Electric field of "half" an infinite charged sheet

[BearY]

Homework Statement

A charged sheet with charge density $\sigma$ is described by $-\infty<x<0,-\infty<y<\infty, z = 0$. Find the electric field at $(0,0,z)$.

Homework Equations

Electric field of continuous density charged body from the Coulomb law:
$$E = \frac{1}{4\pi \epsilon_0}\int_V\frac{\vec{r} − \vec{r_0}}{|\vec{r} − \vec{r_0}|^3}\rho(\vec{r}')dV'$$

The Attempt at a Solution

First I tried to do a double integral but handling symmetry of x y at the same time seems very messy. So I did integral on y dimension first. It is infinite line of charge with density $\sigma dx$, and the answer is $$\frac{\sigma dx}{2\pi \epsilon_0\sqrt{x^2+z^2}}$$
Then integrate the answer from $x=-\infty$ to $x=0$.
What I did is integrate z component and x component separately, and do vector addition and take mod in the very end.
So I ended up with 2 integrals:
x component$$\frac{\sigma}{2\pi \epsilon_0}\int_{-\infty}^{0}\frac{x}{x^2+z^2}dx$$
and z component$$\frac{\sigma}{2\pi \epsilon_0}\int_{-\infty}^{0}\frac{z}{x^2+z^2}dx$$
These integral look reasonably simple, but the result I get is strange, so I guess I am wrong at some point.
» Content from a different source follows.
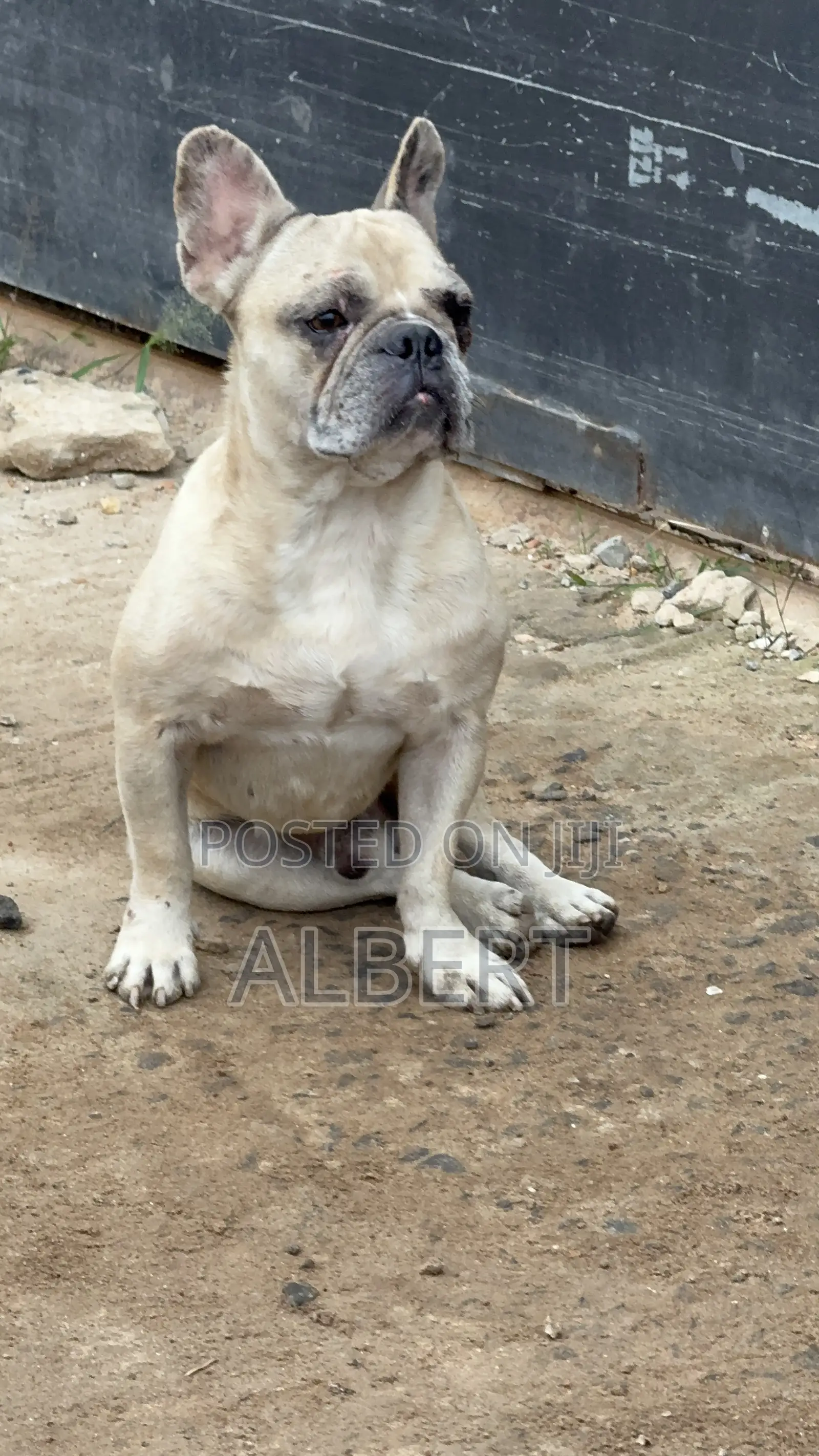 1+ year Male Purebred French Bulldog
The first one is $\frac{ln(x^2+z^2)}{2}$, and the definite integral gives intinity. The second one is $arctan(\frac{x}{z})$ gives $\frac{\pi}{2}$.
I think this kind of question should have a finite answer and the answer given is $$\frac{\sigma}{4\epsilon_0}$$ which is finite. What went wrong?

 

[BearY]

Actually never mind, the question asked for z component only, I can't believe I overlooked it and spent 2 hours on this.